Eager to take the chance, the customer accepts his receipt with the printed URL or phone number and later, at home, logs in or dials to begin the survey. Forty-five minutes of mind-bending questions later, he wonders if he'll ever reach the end. When he does finish, he vows never to repeat the experience.
 
Unfortunately, such reactions to customer surveys are as common as the poorly crafted surveys themselves. Retailers need surveys that will provide helpful information without creating a chore for the customer. Here are four rules for building a superior survey:
 
1. Know what you want
 
What is the purpose of your survey? Planning is a must. Determine your specific needs and craft questions accordingly. Don't ask questions for which you already have answers. "The answer may be in your data bank, but you haven't put it together in a report," said Mary Grace Crissey, analytics technology marketing manager for biz intelligence and analytic software developer S.A.S.
 
And don't ask generic questions ("Was the employee polite?" "Was the service fast?"). Instead, take time to determine the questions your business needs answered and to learn how your product is different from competitors'. "You have to give the forethought as to how you want to distinguish your entire offering," said Gary Edwards, executive vice president of customer satisfaction consultancy Empathica.
 
2. Watch your language
 
If a company wants to be viewed as hip and fun, then the questions on its survey should be hip and fun.   Don't use business jargon for a customer survey. Instead of asking "Did you receive fair market value for the product?" ask "Did you get a good deal?" Don't try to sound academic; doing so may lose the survey taker, but it also may damage your brand.
 
Every part of a retail experience should project the brand, even questions on a survey, says Empathica's Edwards. If a company wants to be viewed as hip and fun, then the questions on its survey should be hip and fun; they shouldn't read like a Ph.D. dissertation. "We are trying to capture the essence of the brand," Edwards said.
  
3. Keep it simple
 
A survey should be simple, so keep it short and keep it clear. Edwards says an ideal survey length is between 10 and 30 questions.
 
For clarity, keep survey questions brief.
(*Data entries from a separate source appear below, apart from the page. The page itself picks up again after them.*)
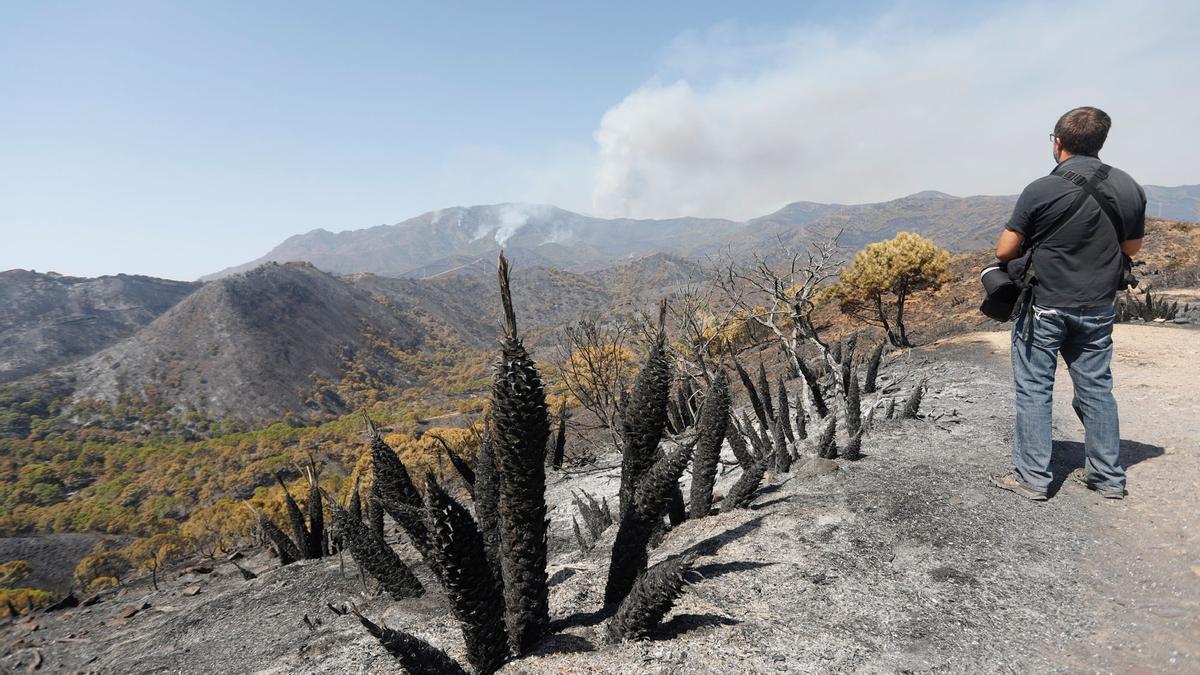 Tercera jornada de trabajos de extinción del incendio en Sierra Bermeja.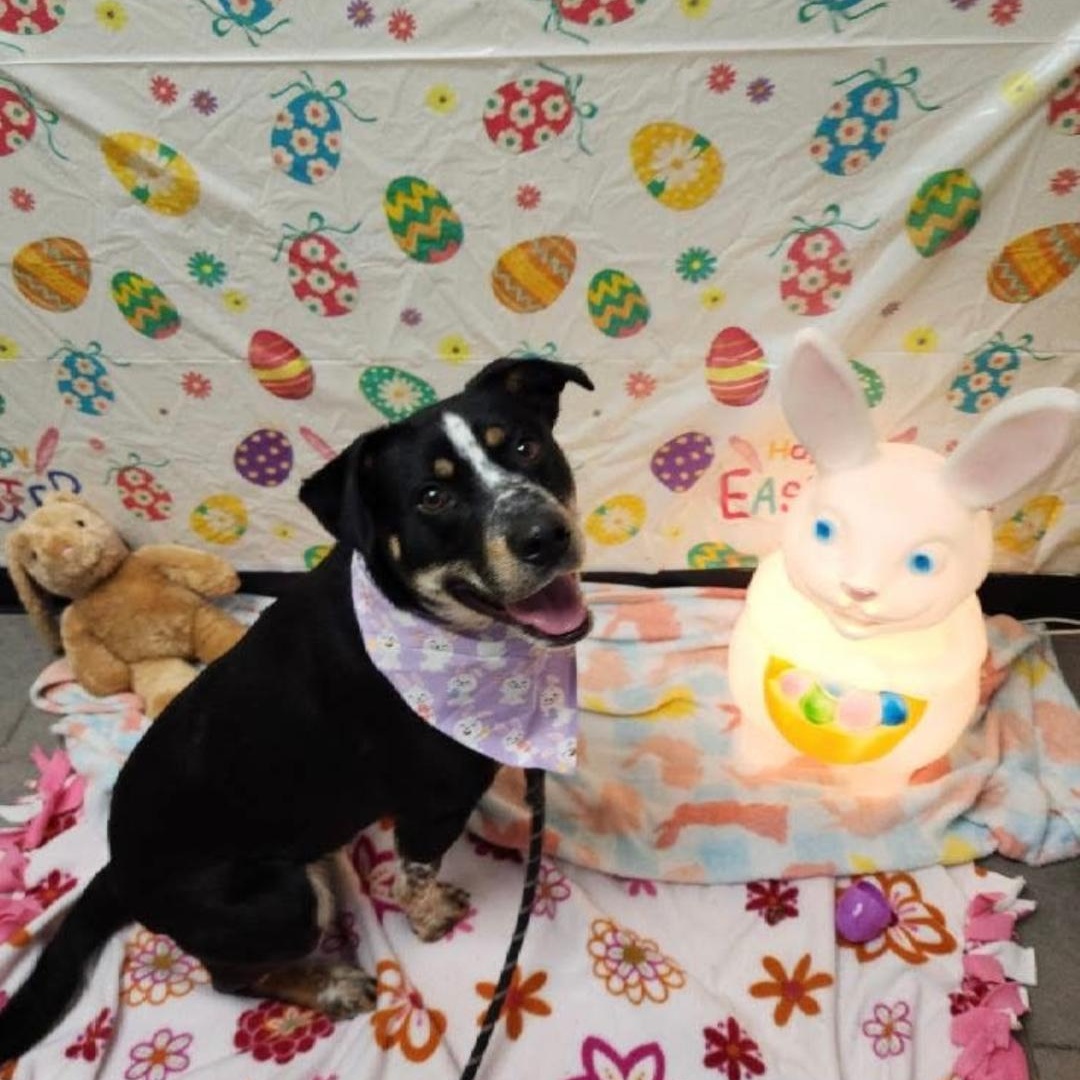 Enlarge Nolan, a Adoptable mixed breed in Syracuse, NY image 2/5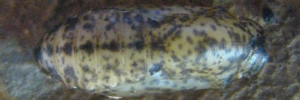 Pupa, top view: Bronze Line-blue (Ionolyce helicon hyllus)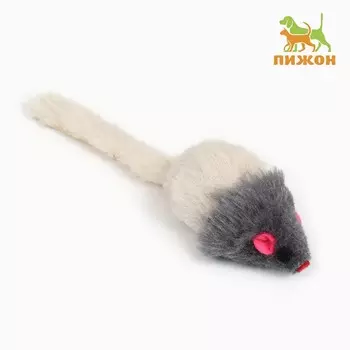 Мышь пушистая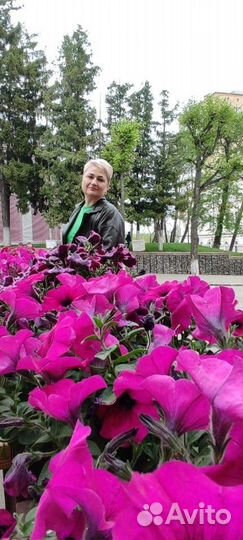 Администратор, сиделка, домработница, няня, упаков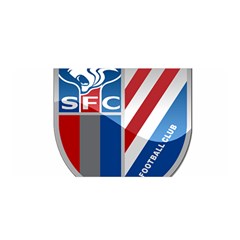 Shanghai Greenland Shenhua F C  Satin Wrap by Valentinaart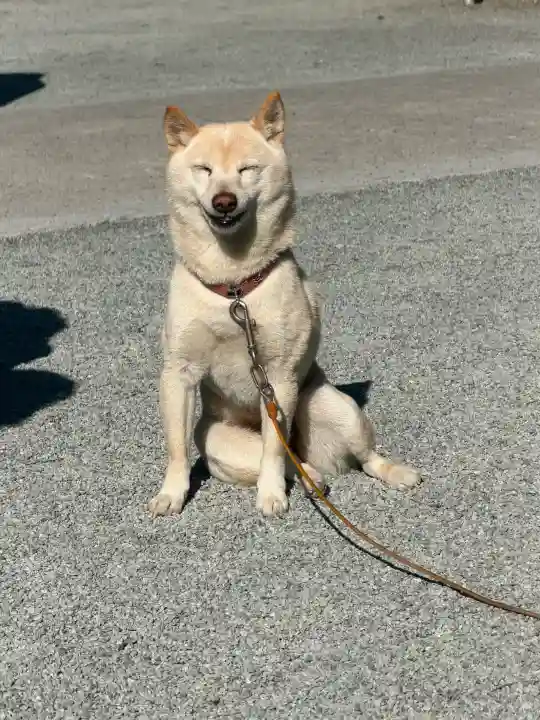 福島八幡宮の{uncategorized: "未分類", other: "その他", undefined: "問題あり", building: "その他建物", grave: "お墓", sacred_gate: "鳥居", guardian: "狛犬", statue: "像", buddha: "仏像", history: "歴史", nature: "自然", garden: "庭園", animal: "動物", pagoda: "塔", temizu: "手水舎", mountain_gate: "山門・神門", sanctuary: "本殿・本堂", subordinate: "末社・摂社", art: "芸術", scenery: "景色", jizo: "地蔵", ema: "絵馬", goshuin: "御朱印", omikuji: "おみくじ", items: "授与品その他", amulet: "お守り", goshuincho: "御朱印帳", eats: "食事", festival: "お祭り", votive_dance: "神楽", shichigosan: "七五三参", wedding: "結婚式", experience: "体験その他", initially: "初詣", around: "周辺", anti_infection: "感染症対策"}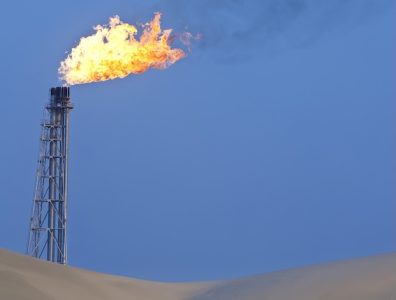 Wood-picked-by-TotalEnergies-for-Iraq-gas-project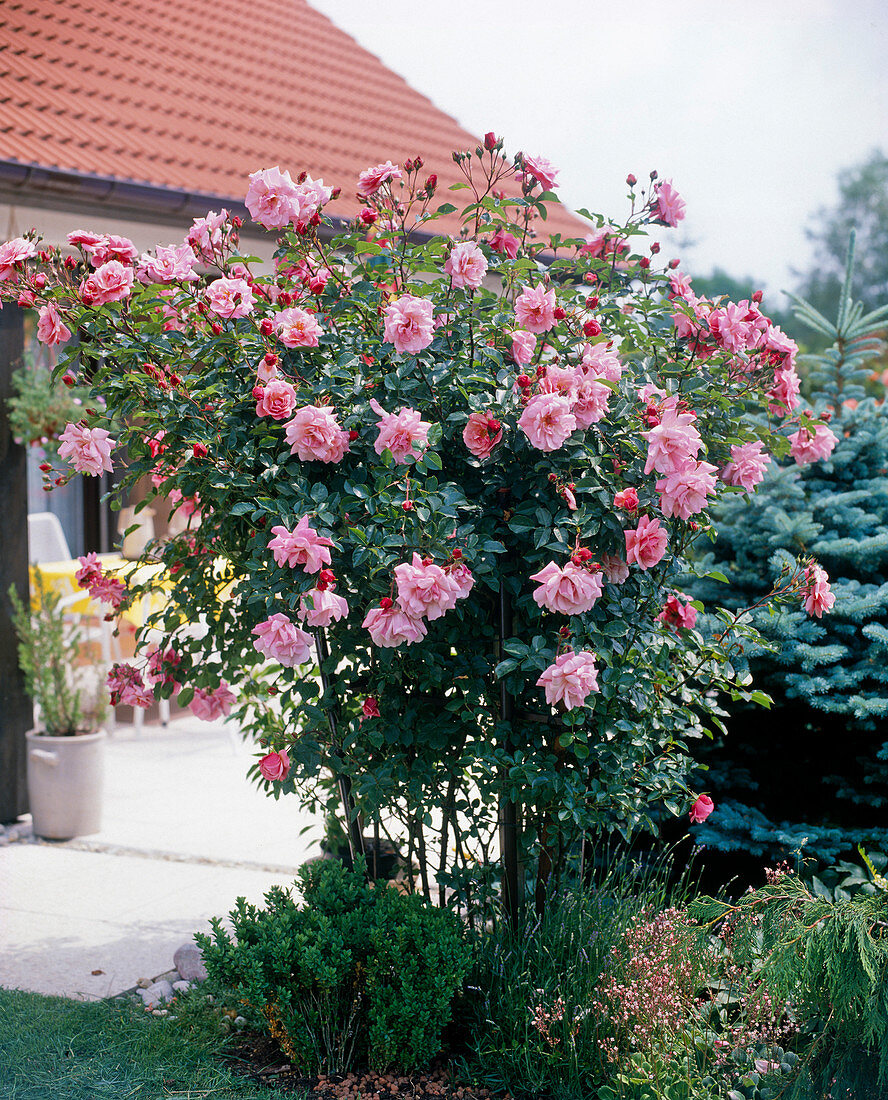 Floribunda rose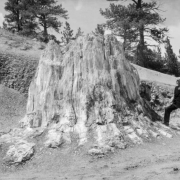 A man, wearing a suit and tie, stands by a wide petrified tree stump. Pine trees dot an embankment in the background.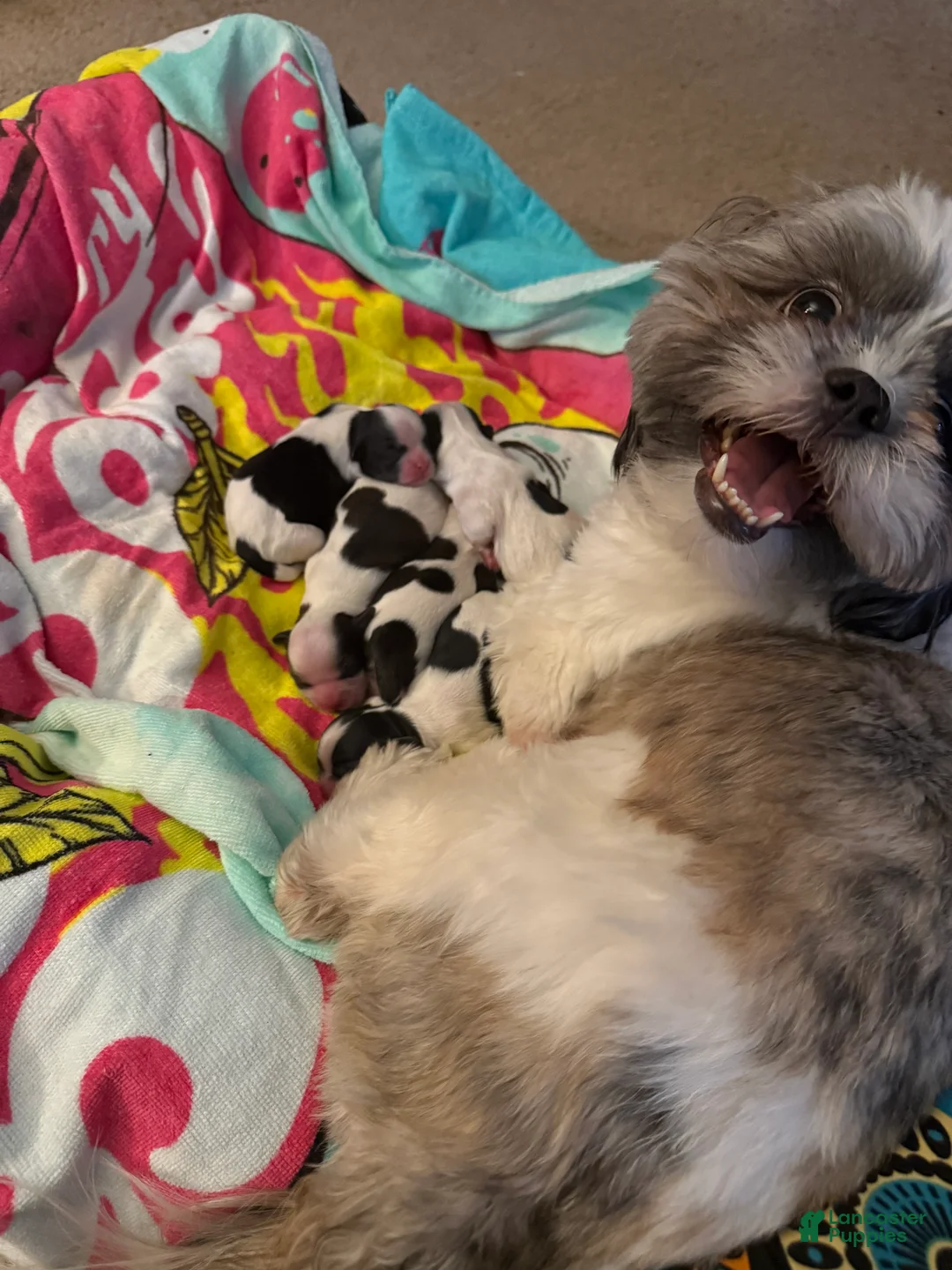 Shih Tzu dogs for sale: Shih Tzu Puppy 3 - Ad 1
The more words in a question, the more likely the customer will be confused. So-called "double-barreled" questions, which ask two or more questions at once (e.g., "Did you receive your food promptly? Did it taste good?"), especially should be avoided.
 
4. The long and short of it
 
Many surveys rely on customers answering via a number scale. S.A.S's Crissey says surveys that rely strictly on number answers can go wrong in many ways — customers may misunderstand the scale and think 1 is excellent instead of terrible, for example. To avoid the possibility of confusion, supplement number scale answers with written responses. Longer responses make the survey more stimulating for the customer, Crissey says, as well as offer the added benefit of separating legitimate, helpful participants from crackpots.
 
Crissey added that questions that require long answers should be targeted and specific. Text mining software can help search through those responses.
 
Better beware
 
The Achilles heel of surveys is the professional survey taker — someone who takes more than six surveys per quarter, according to a definition by Forrester Research. Typically, such a person takes the surveys for the participation rewards offered, usually with an eye to completing them in quantity rather than providing quality responses.
 
From a survey of 4,913 people, Forrester determined that 14 percent take more than six online surveys a month, with 4 percent taking more than 20. Forrester recommends companies weed out these results-skewing pros by asking respondents how frequently they participate in surveys.